What is Vector Search?

Vector Search leverages embeddings—vector representations of data—that capture the semantic meaning of various data types, including text, images, audio, and video. By matching these vectors, Vector Search can find items that are semantically similar to a given query, even at a massive scale with high performance.

Use Case: Online Retail

Imagine an online retailer with a vast inventory of clothing items. By using the multi-modal embedding API, the retailer can generate embeddings for each item and use Vector Search to match these items to text queries. For instance, a search for “yellow summer dress” would return images of the most semantically similar dresses, even if the exact phrase doesn’t appear in the item descriptions. This capability enhances the user experience by providing more relevant search results efficiently.

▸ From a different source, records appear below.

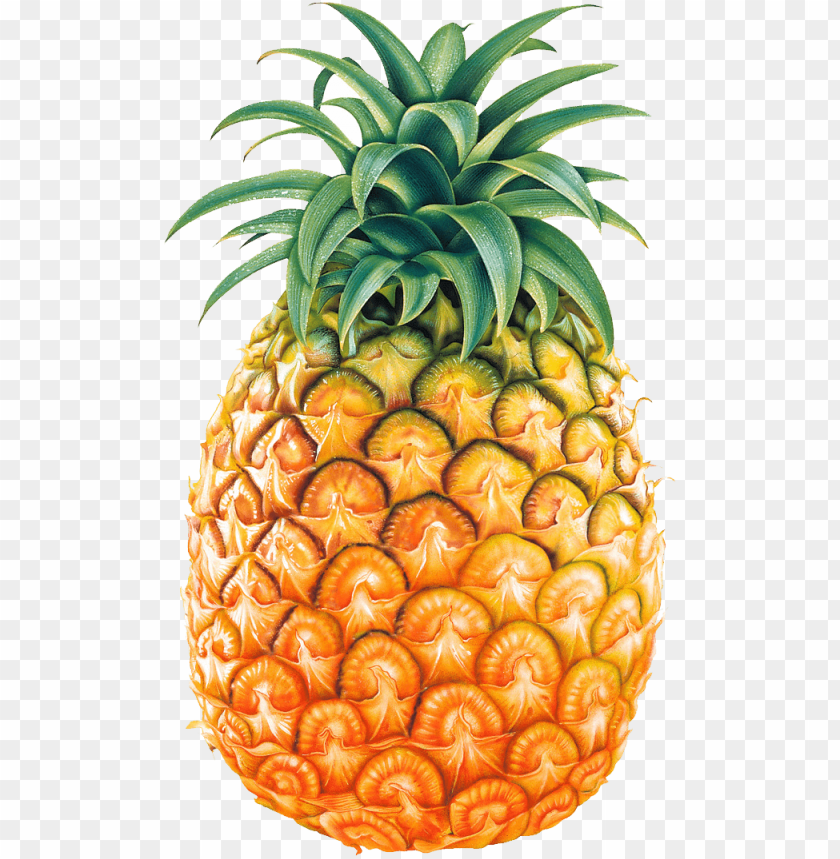 
pineapple
, 
ananas comosus
, 
coalesced berries
, 
pineapples
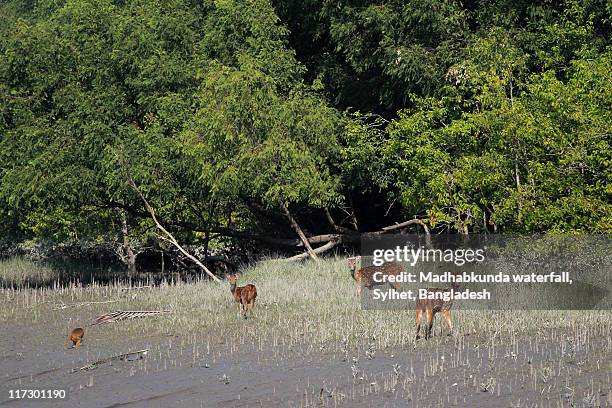 spotted deer at sundarban - madhabkunda stock pictures, royalty-free photos & images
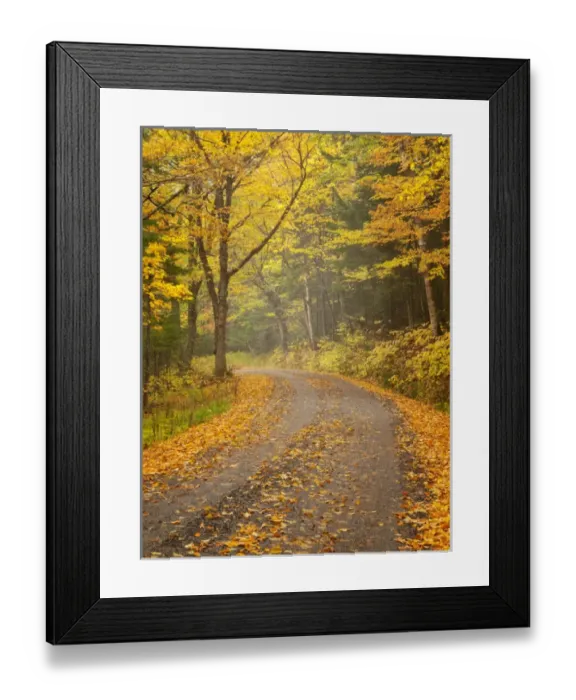 Framed Print : USA, New Hampshire, White Mountains, Fall color along Jefferson Notch Road Framed Print : USA, New Hampshire, White Mountains, Fall color along Jefferson Notch Road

How to Use Vector Search for Semantic Matching

  1. Generate an Embedding: Create embeddings for your dataset, either using external tools or the Generative AI capabilities on Vertex AI for both text and multimodal embeddings.
  2. Add Your Embedding to Cloud Storage: Upload these embeddings to Google Cloud Storage, preparing them for use with Vector Search.
  3. Upload to Vector Search: Connect the embeddings to Vector Search, create an index from them, and deploy this index to an endpoint to run queries and obtain results.
  4. Evaluate the Results: After retrieving the approximate nearest neighbors, evaluate the results for accuracy. Adjust algorithm parameters or scale the system as needed to improve performance.

Key Terminology

  • Vector: A list of float values representing data with magnitude and direction.
  • Embedding: A vector that captures the semantic meaning of data, often created using machine learning techniques.
  • Index: A collection of vectors used for similarity search, which can be queried to find the nearest neighbors.
  • Ground Truth: The real-world data used to verify the accuracy of machine learning models.
  • Recall: The percentage of true nearest neighbors returned by the index.
  • Restrict: A functionality that limits searches to a subset of the index using Boolean rules, also known as filtering.

Example Workflow

  1. Generate Embeddings: Use Generative AI on Vertex AI to create embeddings for your items, ensuring they capture the semantic essence of the data.
  2. Upload to Cloud Storage: Store these embeddings in Google Cloud Storage for easy access by the Vector Search service.
  3. Create and Deploy an Index: Use the embeddings to create an index. Deploy this index to an endpoint to enable querying.
  4. Run and Evaluate Queries: Execute queries against the index to find semantically similar items. Evaluate and refine the results to meet your specific needs.


Vector Search on Vertex AI provides a robust solution for implementing advanced search functionalities across various applications. By leveraging semantic embeddings and Google’s powerful infrastructure, businesses can achieve high-performance, scalable, and accurate search capabilities. Whether for retail, content recommendation, or complex data analysis, Vector Search offers the tools to unlock new possibilities and efficiencies in AI-driven solutions.